There is some debate as to where the name “The Lost Sierra” comes from, but it’s become the common name — and an apt one — for the lesser-traveled towns, alpine lakes and peaks near Reno, Nevada, and within the northern reaches of eastern California’s Sierra mountains.
More than a dozen communities are tucked away across this area, which is fragmented by the mountainous terrain of the surrounding national forests and, more recently, by extreme wildfire.
Over the past few years, Trinity Stirling, who lives in Quincy and grew up in the Lost Sierra, has made it her mission to help connect these scattered communities with the hopes of giving their economies a boost by creating more recreation opportunities. And that mission starts with trails.

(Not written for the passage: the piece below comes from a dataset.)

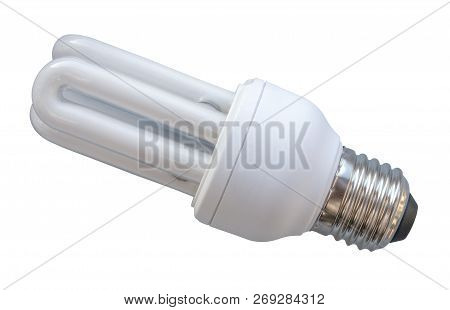 Isolated White Energy Saving Eco Cfl Lightbulb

As the former project manager with the Sierra Buttes Trail Stewardship, Stirling worked on a long-term project to connect more than a dozen rural towns with a long-distance trail stretching about 600 miles. Stitched across federal public land, the trail network is coming together in stages, building off existing trails. So far, about 74 miles are under construction and 30 miles have been finished — with broad support for building more. “A lot’s happening,” says Greg Williams, the group’s executive director. For now, he says the biggest challenge is funding.
The goal of the Lost Sierra Route, as the long-distance trail will be known, is to improve access to public land at a time when more and more people want to get outside, while at the same time connecting isolated communities and working to diversify the regional economy, which grew around the booms and busts of natural resource industries like mining, logging and ranching.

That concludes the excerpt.